Required work: This exercise asks for an exact copy of every entry below, with pictures omitted.

Image-caption web data:
=== Section Start ===
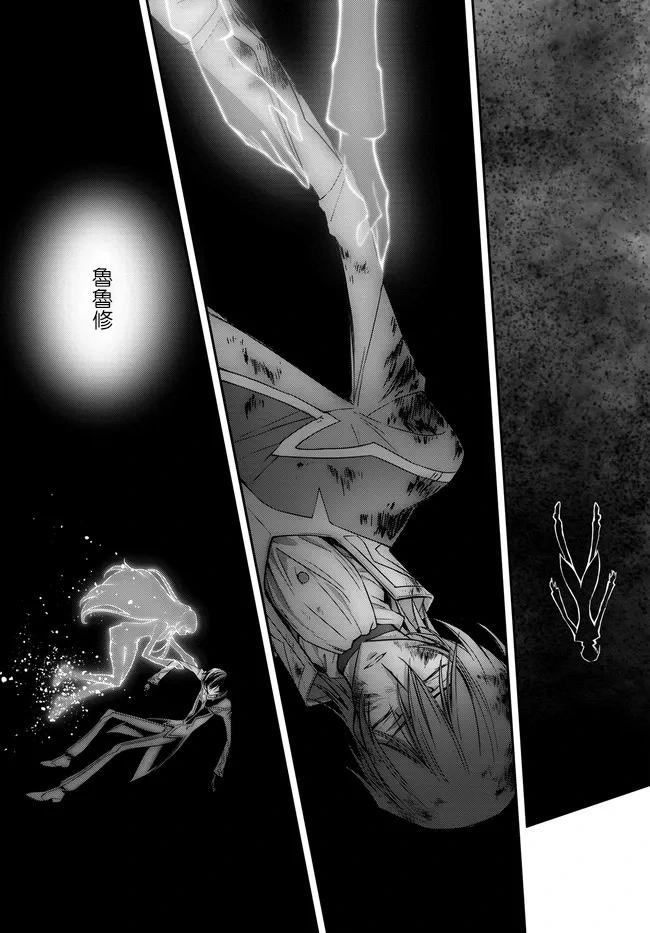 反叛的魯魯修Re - 復活22 - 1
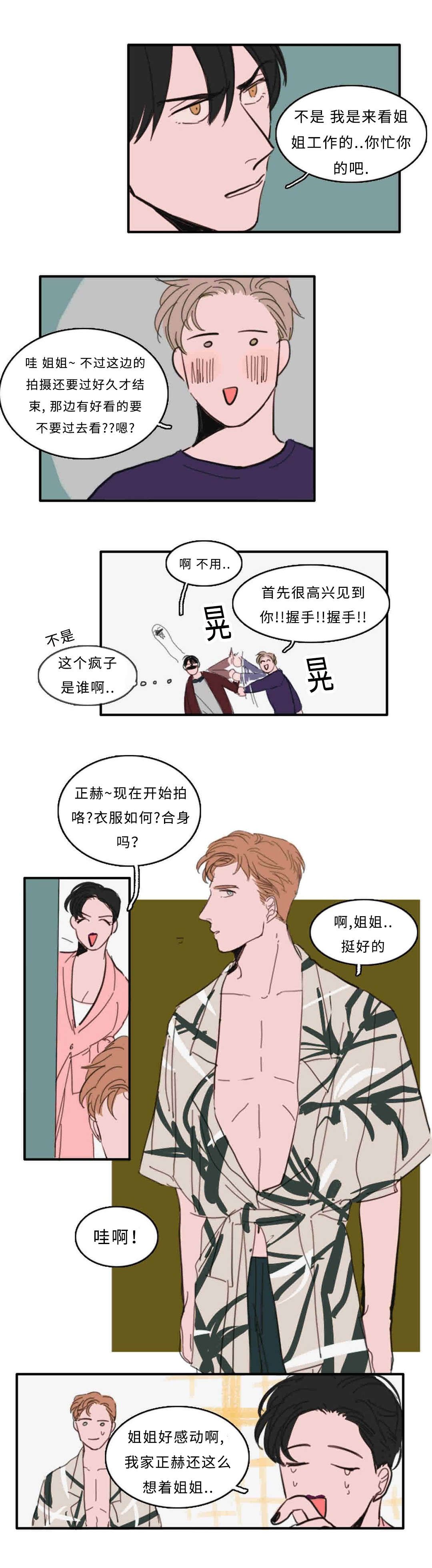 第28章：厕所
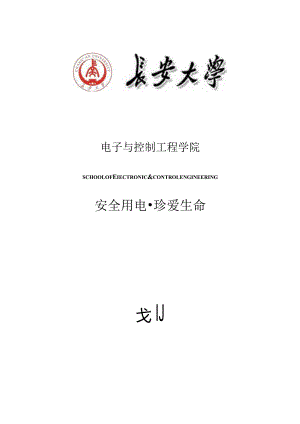 电力安全策划书.docx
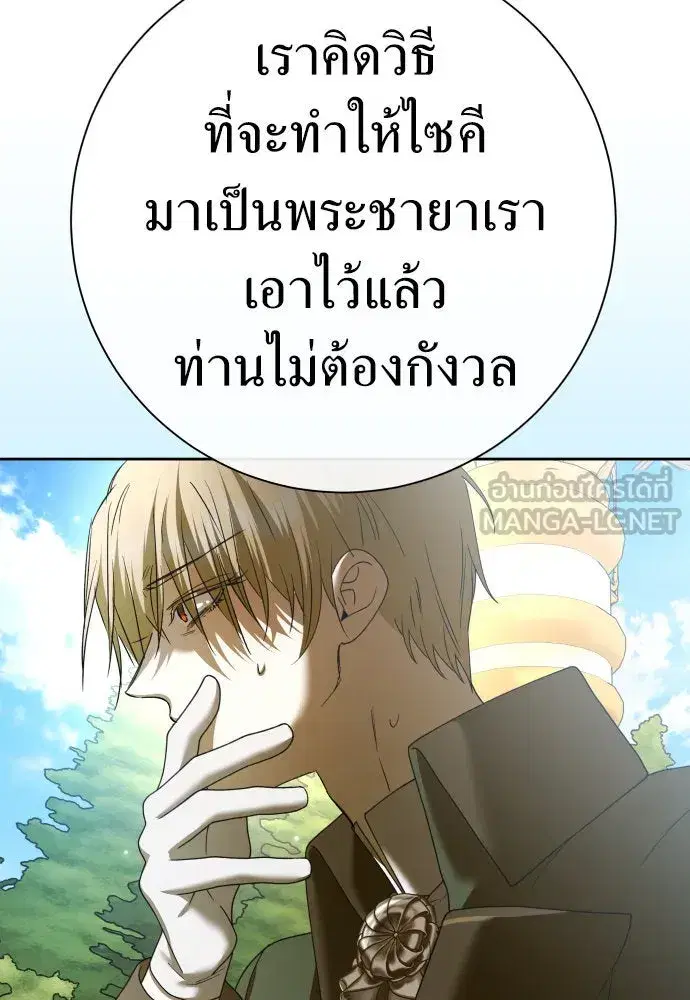 Your Throne ตอนที่ 212 หน้า 114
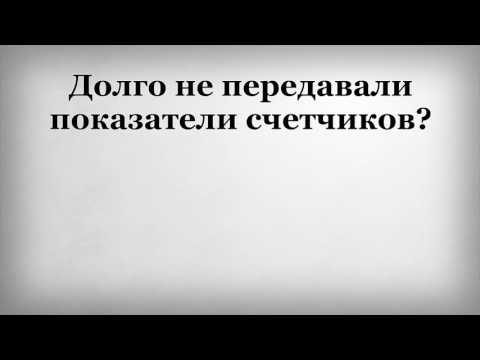 Долго не передавали показатели счетчиков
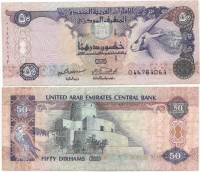 Банкнота Обьединённые арабские эмираты ОАЭ 2004 год 50 дирхамов Аравийский орикс   VF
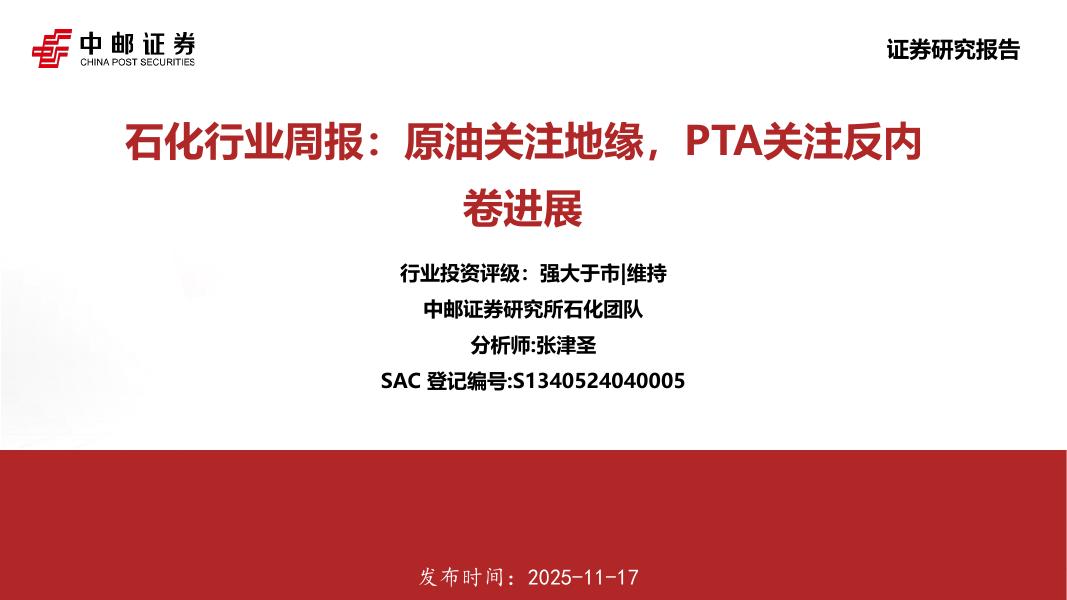 中邮证券：石化行业周报：原油关注地缘，PTA关注反内卷进展海报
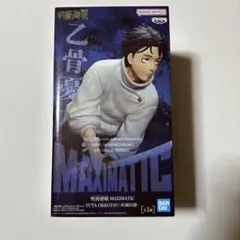 呪術廻戦 MAXIMATIC フィギュア　乙骨憂太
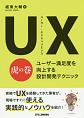 UX－ユーザー・エクスペリエンス－虎の巻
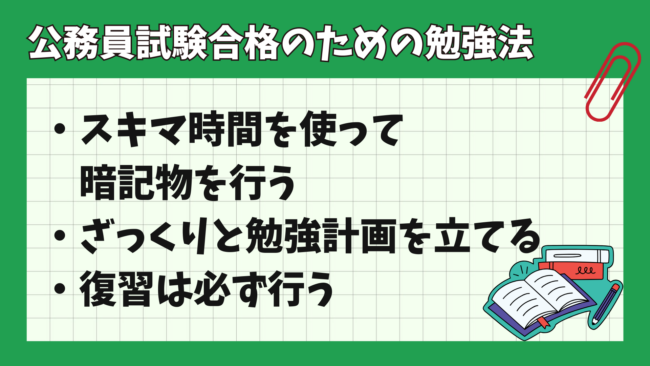 公務員試験対策におすすめの参考書・問題集・過去問ランキング！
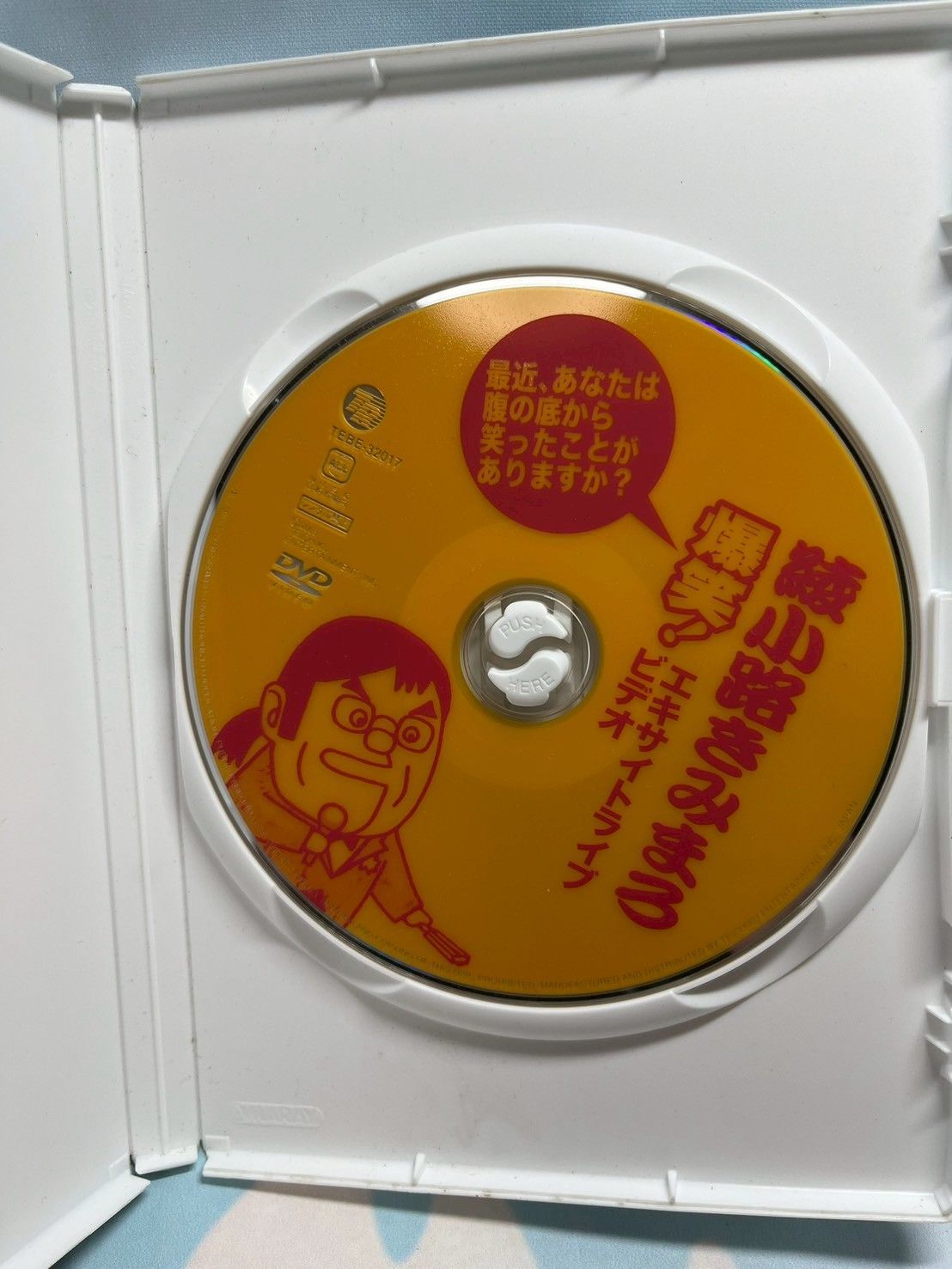 綾小路きみまろ/爆笑!エキサイトライブビデオ 最近,あなたは腹の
=== Section End ===
Your response:
 反叛的魯魯修Re - 復活22 - 1
 第28章：厕所
 电力安全策划书.docx
 Your Throne ตอนที่ 212 หน้า 114
 Долго не передавали показатели счетчиков
 Банкнота Обьединённые арабские эмираты ОАЭ 2004 год 50 дирхамов Аравийский орикс   VF
 中邮证券：石化行业周报：原油关注地缘，PTA关注反内卷进展海报
 呪術廻戦 MAXIMATIC フィギュア　乙骨憂太
 UX－ユーザー・エクスペリエンス－虎の巻
 公務員試験対策におすすめの参考書・問題集・過去問ランキング！
 綾小路きみまろ/爆笑!エキサイトライブビデオ 最近,あなたは腹の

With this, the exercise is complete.